Ausdrucksstark gestikuliert Karola Obermüller beim Erzählen mit ihren Musiker-Händen. Keine langen Nägel und kein Schmuck, das würde beim Cello- oder Klavierspielen nur stören. Die dunkelblonden, glatten Haare hat sie zu einem Zopf zusammengebunden. Die grünen Augen, über denen sich kräftige schwarze Augenbrauen wölben, blicken wach aus dem rundlichen Gesicht. Eine einnehmende Ruhe geht von Karola Obermüller aus. Die 30-jährige Komponistin hat viel Selbstvertrauen und weiß, wie sie ihre Ideen verwirklicht. Auch die musikalischen:

"Wenn ich mich bewege, dann entstehen viele Teile meiner Kompositionen, wenn ich irgendwie im Wald spazieren gehe oder laufe, oder irgendwas mache, was Bewegung und Rhythmus beinhaltet."

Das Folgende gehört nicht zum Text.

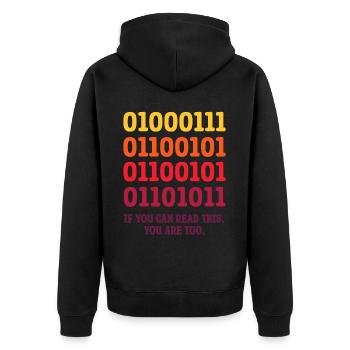 IT Geek, PC Accessories Storage Devices Evolution - Unisex Premium Organic Zip Hoodie - black - Back - Nico (187cm)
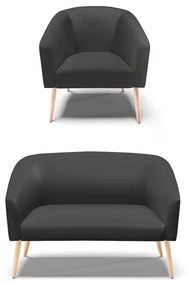 Sofá Namoradeira e Poltrona Pé Palito Natural Stella Sintético D03 - D'Rossi - Preto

In ihrer Kindheit musiziert sie mit ihren vier älteren Schwestern, die ebenfalls Instrumente erlernen, stundenlang im elterlichen Wohnzimmer. So entstehen auf einer alten Geige und einer verstimmten Kindergitarre die ersten Improvisationen. Die Fantasie hat sie vom Vater. Der Fernmelde-Ingenieur liebt den Jazz und improvisiert in seiner Freizeit leidenschaftlich gerne auf dem Klavier. Mit zwölf Jahren nimmt Karola Obermüller erstmals Kompositionsunterricht, an der Akademie für Tonkunst in Darmstadt.

"Und da haben wir dann als erstes Projekt eine Oper geschrieben. 50 Kinder! 'Spiegel das Kätzchen' hieß die und ich hab daraus zwei Stellen komponiert. Die eine ging: 'Wenn so etwas nicht Liebe ist, dann die Maus die Katze frisst.'"

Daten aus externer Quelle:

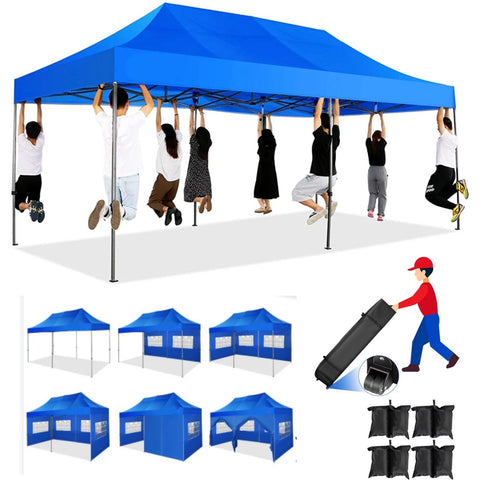 YUEBO 10 x 30 robustes Vordach mit 8 Seitenwänden, Outdoor-Carport mit Rolltasche, Pop-Up-Zelte für Partys, Hochzeiten, Gewerbe, Schwarz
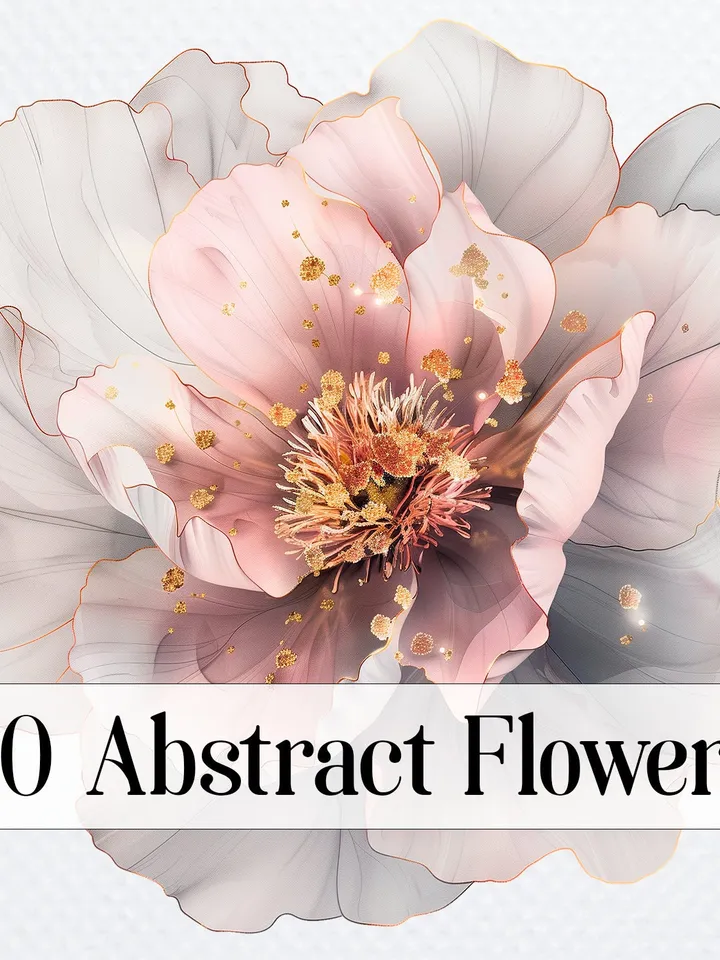 20 Abstract Flowers PNG Clipart, Pink Grey Flowers, Printable Watercolor clipart, Abstract Flowers sublimation, Paper craft, junk journal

Mit 15 Jahren wird erstmals ein Werk von ihr in der Akademie aufgeführt. Es sind Lieder für Ensemble und Mezzosopran. Mit 17 beschließt Karola Obermüller, Komponistin zu werden. Später studiert sie das Fach an verschiedenen Universitäten in Deutschland und Österreich. 2003 erhält sie sogar ein Stipendium für die renommierte Harvard-Universität in Boston.

"Vor allem finanziell war das so viel einfacher, weil ich mir in Salzburg Geld so ein bisschen zusammen verdienen musste, mit Klavierunterricht geben und einen Männerchor in Etzelsdorf bei Nürnberg leiten und so weiter."

Harvard ist eine sehr produktive Zeit für die vielseitige Komponistin. Dort entstehen Orchesterwerke, kammermusikalische Stücke in ausgefallenen Besetzungen und Sprachkompositionen. An der Universität lernt sie auch den Amerikaner Peter kennen, der ebenfalls Komposition studiert.

"Damals hatte ich ein sehr wildes Leben. Verschiedene Liebhaber und Liebhaberinnen, alles so durcheinander. Und Peter war so einer von denen und bei ihm war das ähnlich. Wie das so ist als junge Komponistin und junger Komponist, irgendwie leben viele so ein Lotterleben."

Schließlich verlieben die Beiden sich doch ineinander. Seit Februar sind Karola und der 31-jährige Peter verheiratet und seit Mai stolze Eltern von Samuel. Die meiste Zeit verbringt die kleine Familie in Boston. Peter wünscht sich jedoch eine Großfamilie. Am besten sofort.

"Er ist auch nach wie vor der Meinung, nachdem wir mit Samuel schon die ersten drei Monate verbracht haben. Ja, und ich will auch kein Einzelkind, aber – wir werden sehen, wann wir dann da weitermachen."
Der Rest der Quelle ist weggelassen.